FIGURE 1. Representative images of immunohistochemical staining for programed cell death-ligand 1 (PD-L1) (SP263), CD8, and Ki-67 in vestibular schwannoma. (A, B) Tumor cells exhibited membranous PD-L1 expression with moderate to strong intensity (A: PD-L1, ×200, B: PD-L1, ×400). (C) CD8 staining revealed high density (>10%) of CD8 + lymphocytes (CD8, ×200). (D) Ki-67 staining revealed high proliferative index, that is, high expression of Ki-67 (×200).

TABLE 2 CD8 expression in vestibular schwannoma.

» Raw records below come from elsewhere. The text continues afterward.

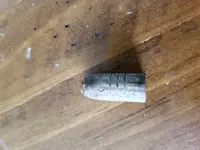 20180517_164627.webp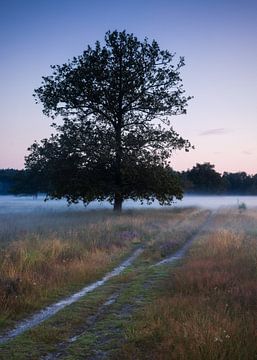 Misty Landscape at Sunrise: A Lone Tree on a Sand Path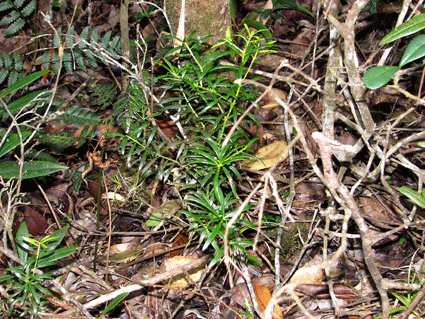 Podocarpus ekmanii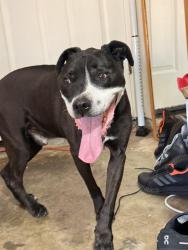 Found/Stray Male Dog last seen Equestrian Way and Prewett Ranch, Antioch, CA 94531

Patient characteristics were correlated with PD-L1-positive and PD-L1-negative staining in VS specimens (Table 3). There were no significant differences in age, tumor size, PTA, or SD between the two groups. There also was no difference in the presence of serviceable hearing and PD-L1 expression. We found a higher level of CD8+ cell infiltration in PD-L1-positive VS tumors than in PD-L1-negative tumors (p < .001). We also assessed the proliferation rate by Ki-67 expression. High expression of Ki-67 (>2%) was observed in 21 (52.5%) VS samples (Figure 1D), and there was no significant difference in Ki-67 expression between the PD-L1-positive VS tumors and PD-L1-negative tumors.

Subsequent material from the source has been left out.